Бессмысленная случайность всего происшедшего — вот что потрясло и ошеломило меня тогда. Сэм оказывал мне поддержку: мы не слишком много разговаривали; он просто был рядом, позволяя мне оставаться в его присутствии наедине с собой. Ники — единственная из всех, кого я знал, кто тоже умеет делать это. Когда похороны закончились и мы снова отправились в путь, я начал понимать, что если и есть какой-либо порядок, значение или цель человеческих обстоятельств, люди должны создавать их сами.
Мы вышли рано утром. В такое летнее утро — когда с холмов дует западный ветер, солнце еще не окончательно поднялось, все вокруг дышит свежестью, звучат птичьи трели, а под сенью леса мелькает белохвостый олень, — истиной становятся тепло настоящего и буйная жизнь твоей собственной крови. И разве может быть иначе?
Хамбер-Таун — оживленное и претенциозное место, слишком маленькое для города, но чересчур большое для деревни. Скажем, примерно шесть-семь тысяч человек населения… По дороге мы с Сэмом обдумывали кое-какие планы, но так ничего и не решили. Я все еще бредил Леванноном и кораблями. Однако уже заметил, что планы часто так и остаются воздушными замками. Сэм заявил, что мог бы наняться плотником или каменщиком — он знал оба эти ремесла — в Хамбер-Тауне. Тогда мы сможем поправить наши дела. Он сказал, что безопаснее всего было бы отложить путешествие в Леваннон, если война все еще не закончится к тому времени, когда мы дойдем до Олбани на Гудзоновом море. В Ист-Перкунсвиле слышали, что, якобы, произошли две битвы: одна — при Ченго, на западе; другая — на побережье Гудзонова моря, немного к северу от Кингстона, неподалеку от территории Катскила.
Мы с Сэмом совершенно не вспоминали о родственных отношениях, которые могли существовать между нами. Но когда подошли к воротам Хамбер-Тауна, я сказал:
— Если ты хочешь быть моим па… а я этого хочу… то, может быть, все равно, родился я от тебя или нет?
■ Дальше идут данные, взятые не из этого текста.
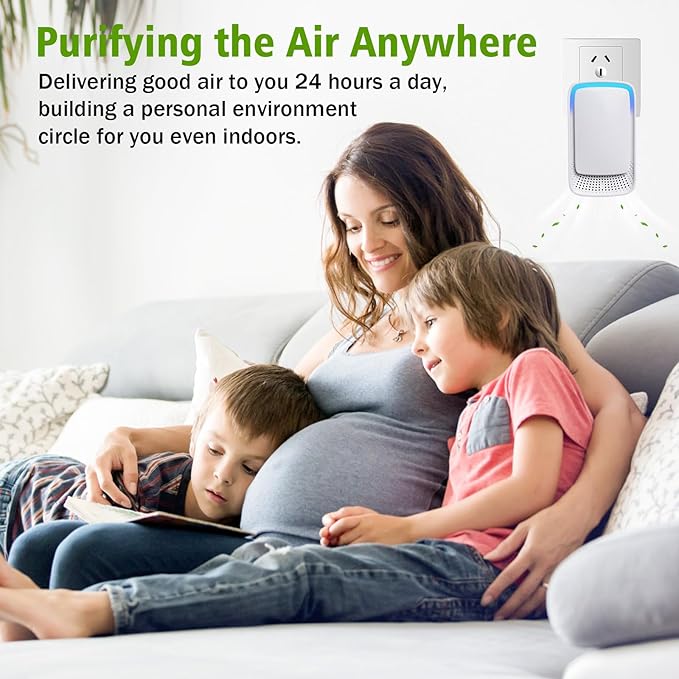 2026 New3 Pack Plug In Air Ionizers-Negative Ion Air Purifier for Home Silent Work Air Cleaner for Bathroom,Living Room,Office,Kitchen,Pet Room,Portable Ionic Air Purifier for Bedroom(3)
— Ну да, — сказал он. — Я для себя так и решил, Дэви. — В то утро он, как обычно, называл меня Джексоном. — Мы можем так все и оставить…
Стражник у ворот был очень рад чему-то, и эта радость заставила его проявить необычно добрые манеры для полицейского. Когда он пропустил нас в город, я услышал где-то короткий звон и дрожь мандолины. Затем свое «ум-та-та-ум-та-та» с воодушевлением пробухал барабан, и тут же вступили флейта и корнет, совершенно не заглушая друг друга, и я узнал «Ирландскую прачку». Музыка звучала за углом, неподалеку. Откуда бы ни появилась «Ирландская прачка» — а я полагаю, она пришла к нам из Былых Времен, — она отличная стойкая девчонка, и я всегда ей рад.
— Пожалуйста! — сказал нам стражник, и я заметил, что его ноги притопывают в такт музыке точно так же, как и мои. — Самые замечательные ребята из всех, кто когда-либо бывал тут. Вы не из Хамбер-Тауна?
— Я бывал здесь проездом, — сказал Сэм. — Меня зовут Сэм Лумис, а это мой сын Джексон. Джексон Дэвид Лумис… А кто это играет?
— Бродяги Рамли?
— Да?.. Что ж, этот корнет неплох, но ему далеко до моего сына…
Небольшая толпа зевак уже расселась на изгороди, окружавшей городской парк, хотя не было никакого специального представления, и вообще было только утро, когда большинство горожан должно быть занято работой. Музыканты сошлись вместе и решили поразмяться — вот и все. Но любой, у кого есть глаза и уши, не прошел бы мимо. Как можно пройти мимо Бонни Шарп, сидевшей по-турецки на траве и пощипывающей струны своей мандолины? Как можно не заметить Минну Селиг, с ее банджо, и Стада Дэбни, дразнившего барабан, седого, как лунь, и согнувшегося в подобии поклона, точно собирающаяся улетать белая сова?.. Маленький Джо Далин, насвистывающий на флейте, тоже был там, и крупный Том Блэйн стоял позади него — далеко позади следуя своему собственному правилу, ибо Том всегда утверждал, что не может выжать из корнета ни одного приличного звука если у него нет во рту плитки доброго жевательного табака затыкающего дырку там, откуда давно выпали два зуба. Это означало плевок в конце почти каждого такта, а Том не мог от души сплюнуть, если нельзя свободно вертеть головой, предупреждая мир о своих намерениях. Да, он был там во всей своей красе, когда мы с Сэмом присоединились к другим бездельникам, чтобы дать отдых ногам, — Длинный Том Блэйн, тычущий концом своего неистового корнета прямо в небо, человек, пьющий музыку и крутящий головой, точно кошка, чтобы сплюнуть и пить дальше… Эх, я забегаю вперед, и мне по хрену. Это были люди, которых я вскоре узнал и полюбил; и когда я взялся за перо, их имена вышли из-под него сами собой.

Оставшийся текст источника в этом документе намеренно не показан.